I've switched to microsoft SignalR

sampajano commented 2 years ago

From chatting with the team, it sounds like the most likely reason why the entire streaming body is retained is due to us still using XHR (which is known to keep the entire body in memory).

Switching to fetch() (tracked in https://github.com/grpc/grpc-web/issues/1134) would likely address this issue (among other benefits).

I'll try to verify the theory and take a stab at switching us to fetch() in the near future. :)

caesuric commented 2 years ago

And just out of curiosity, for people on this thread, i wonder what's the typical duration of your stream, which you'd refer to as a "long-running" stream? And generally speaking, after how much time/ data transferred do you typically start to see this causing real issues? (Update: I just saw @caesuric mentioned about half to one hour stream, but i'm wondering if that's also when others observe this issue starts to manifest) Thanks! :)

We have a requirement to run our entire system for 30 days nonstop in a future test, and I saw this bug while investigating scalability of the web client for that test. There is probably no need to have the web client run continuously for that entire time (since just refreshing the client fixed the issue) but it is worth noting the general time scale we are operating on. I believe the XHR calls started to dramatically slow down as the size of the stream approached a gigabyte or so. (We need to make our data transfers somewhat more byte-efficient but it was obvious that just reducing the size a bit wasn't going to get us enough mileage in terms of time scalability.)

One other concern I do have is whether this is also a problem on the other language-specific gRPC implementations we are using, which I haven't looked into yet. I am assuming it's not an issue there since this is not how streams generally work.

thoralt commented 2 years ago

And just out of curiosity, for people on this thread, i wonder what's the typical duration of your stream, which you'd refer to as a "long-running" stream? And generally speaking, after how much time/ data transferred do you typically start to see this causing real issues? (Update: I just saw @caesuric mentioned about half to one hour stream, but i'm wondering if that's also when others observe this issue starts to manifest) Thanks! :)

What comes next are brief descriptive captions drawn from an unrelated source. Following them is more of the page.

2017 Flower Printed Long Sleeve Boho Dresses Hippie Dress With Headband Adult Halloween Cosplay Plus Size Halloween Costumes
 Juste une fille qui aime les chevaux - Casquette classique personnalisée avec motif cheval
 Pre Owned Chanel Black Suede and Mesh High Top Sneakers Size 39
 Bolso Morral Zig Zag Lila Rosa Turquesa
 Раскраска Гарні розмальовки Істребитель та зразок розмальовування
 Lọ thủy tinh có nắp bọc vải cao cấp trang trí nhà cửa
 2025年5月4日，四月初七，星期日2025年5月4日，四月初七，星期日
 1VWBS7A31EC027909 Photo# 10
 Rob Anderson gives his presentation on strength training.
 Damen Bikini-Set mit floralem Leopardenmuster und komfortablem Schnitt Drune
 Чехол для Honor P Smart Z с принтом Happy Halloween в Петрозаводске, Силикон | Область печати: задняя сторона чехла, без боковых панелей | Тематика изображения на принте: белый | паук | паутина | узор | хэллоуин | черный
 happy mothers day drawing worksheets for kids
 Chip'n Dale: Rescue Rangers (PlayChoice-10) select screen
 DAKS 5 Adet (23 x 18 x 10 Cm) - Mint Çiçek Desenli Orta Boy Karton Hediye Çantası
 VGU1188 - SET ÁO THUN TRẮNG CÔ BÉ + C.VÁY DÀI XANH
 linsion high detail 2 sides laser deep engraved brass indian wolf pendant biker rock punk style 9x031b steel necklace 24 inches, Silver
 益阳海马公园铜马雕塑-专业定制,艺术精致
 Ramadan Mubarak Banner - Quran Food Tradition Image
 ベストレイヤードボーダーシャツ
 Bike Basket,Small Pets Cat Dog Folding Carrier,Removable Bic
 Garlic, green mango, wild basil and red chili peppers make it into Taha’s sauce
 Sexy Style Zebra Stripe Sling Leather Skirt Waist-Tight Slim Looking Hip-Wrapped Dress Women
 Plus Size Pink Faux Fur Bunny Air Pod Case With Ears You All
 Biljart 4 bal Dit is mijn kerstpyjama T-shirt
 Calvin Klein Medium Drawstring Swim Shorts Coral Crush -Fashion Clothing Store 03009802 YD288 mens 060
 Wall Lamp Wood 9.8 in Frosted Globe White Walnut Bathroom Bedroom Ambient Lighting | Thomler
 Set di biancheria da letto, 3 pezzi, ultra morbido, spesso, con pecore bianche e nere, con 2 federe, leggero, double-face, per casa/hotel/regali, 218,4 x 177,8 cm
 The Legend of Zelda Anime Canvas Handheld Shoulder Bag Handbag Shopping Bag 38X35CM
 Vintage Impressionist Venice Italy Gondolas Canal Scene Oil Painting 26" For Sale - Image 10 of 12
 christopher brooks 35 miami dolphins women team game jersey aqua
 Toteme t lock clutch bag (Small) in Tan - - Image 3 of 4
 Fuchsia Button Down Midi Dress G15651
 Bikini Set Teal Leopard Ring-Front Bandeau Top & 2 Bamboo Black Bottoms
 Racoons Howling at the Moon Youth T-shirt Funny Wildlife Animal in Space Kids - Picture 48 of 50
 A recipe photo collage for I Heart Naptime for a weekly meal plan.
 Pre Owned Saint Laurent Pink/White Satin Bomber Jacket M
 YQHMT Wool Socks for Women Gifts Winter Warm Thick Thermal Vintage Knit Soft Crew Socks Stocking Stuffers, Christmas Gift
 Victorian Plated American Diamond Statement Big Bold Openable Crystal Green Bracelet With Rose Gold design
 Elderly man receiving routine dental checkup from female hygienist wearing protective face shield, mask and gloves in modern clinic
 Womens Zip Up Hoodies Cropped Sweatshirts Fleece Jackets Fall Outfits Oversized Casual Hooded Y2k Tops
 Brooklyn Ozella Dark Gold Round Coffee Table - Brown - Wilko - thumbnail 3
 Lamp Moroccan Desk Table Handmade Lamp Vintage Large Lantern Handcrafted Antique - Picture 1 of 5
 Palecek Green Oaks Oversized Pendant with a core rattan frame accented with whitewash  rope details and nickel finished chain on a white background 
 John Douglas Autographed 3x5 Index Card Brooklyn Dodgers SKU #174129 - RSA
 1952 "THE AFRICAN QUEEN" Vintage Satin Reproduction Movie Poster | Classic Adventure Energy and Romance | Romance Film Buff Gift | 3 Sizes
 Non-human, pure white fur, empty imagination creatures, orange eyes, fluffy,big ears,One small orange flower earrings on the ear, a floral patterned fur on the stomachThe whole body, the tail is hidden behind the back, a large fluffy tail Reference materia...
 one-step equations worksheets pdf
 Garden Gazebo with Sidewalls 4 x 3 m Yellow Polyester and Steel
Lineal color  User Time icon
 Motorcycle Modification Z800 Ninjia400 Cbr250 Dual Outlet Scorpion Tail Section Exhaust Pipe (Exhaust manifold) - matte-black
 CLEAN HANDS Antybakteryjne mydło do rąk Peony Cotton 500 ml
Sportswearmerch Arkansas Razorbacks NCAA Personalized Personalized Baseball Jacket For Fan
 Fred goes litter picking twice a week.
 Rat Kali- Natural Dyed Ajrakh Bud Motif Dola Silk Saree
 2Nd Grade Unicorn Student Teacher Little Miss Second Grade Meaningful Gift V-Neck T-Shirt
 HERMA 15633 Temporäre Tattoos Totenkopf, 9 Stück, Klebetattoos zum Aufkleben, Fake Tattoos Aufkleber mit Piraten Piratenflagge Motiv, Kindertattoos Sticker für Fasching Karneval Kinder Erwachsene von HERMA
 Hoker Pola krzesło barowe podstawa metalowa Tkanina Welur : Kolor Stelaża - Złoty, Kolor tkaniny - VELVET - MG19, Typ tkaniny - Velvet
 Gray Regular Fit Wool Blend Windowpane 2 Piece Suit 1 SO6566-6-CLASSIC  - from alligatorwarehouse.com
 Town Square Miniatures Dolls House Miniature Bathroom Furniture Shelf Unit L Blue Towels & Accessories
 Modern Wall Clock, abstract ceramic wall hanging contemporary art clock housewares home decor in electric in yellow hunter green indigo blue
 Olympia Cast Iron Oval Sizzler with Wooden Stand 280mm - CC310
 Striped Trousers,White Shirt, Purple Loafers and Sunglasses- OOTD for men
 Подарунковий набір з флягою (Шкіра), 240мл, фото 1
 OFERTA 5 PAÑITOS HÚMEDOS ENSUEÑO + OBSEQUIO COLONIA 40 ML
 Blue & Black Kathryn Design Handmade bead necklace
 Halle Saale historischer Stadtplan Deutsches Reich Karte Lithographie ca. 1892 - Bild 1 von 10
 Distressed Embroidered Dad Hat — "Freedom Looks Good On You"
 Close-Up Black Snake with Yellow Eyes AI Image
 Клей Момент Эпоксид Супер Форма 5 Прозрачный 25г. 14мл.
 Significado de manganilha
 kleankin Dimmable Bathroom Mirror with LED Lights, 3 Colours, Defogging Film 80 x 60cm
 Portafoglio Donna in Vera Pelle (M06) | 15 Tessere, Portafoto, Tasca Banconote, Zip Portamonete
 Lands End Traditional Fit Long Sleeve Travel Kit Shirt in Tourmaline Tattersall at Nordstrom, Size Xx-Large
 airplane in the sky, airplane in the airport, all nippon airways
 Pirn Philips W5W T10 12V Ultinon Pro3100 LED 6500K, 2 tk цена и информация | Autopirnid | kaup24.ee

Our last project involved tracking large amounts of physical objects (>10,000) in real time and displaying their positions in a browser. This created a steady stream of positional data with a bandwith of >1 MB/s. After accumulating a few hundred megabytes over the course of minutes to hours the browser became more and more unresponsive because its CPU usage increased dramatically.

sampajano commented 2 years ago

@caesuric @thoralt Thanks so much for the additional info! It's very helpful! :)


I've discussed the possibility of switching to using Fetch/streams with the team, and here's some brief takeaways:

We'll keep the conversation open and circle back as we progressively make improvements to our fetch library in Closure.

Hope that makes sense.. :)

caesuric commented 2 years ago

@sampajano thanks for the updates. I appreciate the transparency.

avm99963 commented 2 years ago

I just saw this issue (I wish GitHub notified me when an issue I'm subscribed to was mentioned in another one). I also appreciate the transparency @sampajano!

sampajano commented 2 years ago

I just saw this issue (I wish GitHub notified me when an issue I'm subscribed to was mentioned in another one). I also appreciate the transparency @sampajano!

Thanks for the support @avm99963! 😃 I've added a comment to the issue you subscribed to just in case others also missed this update 😃

tommie commented 2 years ago

Fetch might have some feature gaps like cancellations, which could potentially be fixed but might still cause regressions.

Cancellation specifically seems broadly supported: https://caniuse.com/mdn-api_fetch_init_signal_parameter

undefined-user1 commented 2 months ago

Is this project abandoned? This seems like quite a sad thing to have to work around :/

sampajano commented 2 months ago

@undefined-user1 Thanks for your interest here. :)

No the project is not abandoned :)

We're working on Typescript migration. After which, better Fetch/service worker support would be high on the list.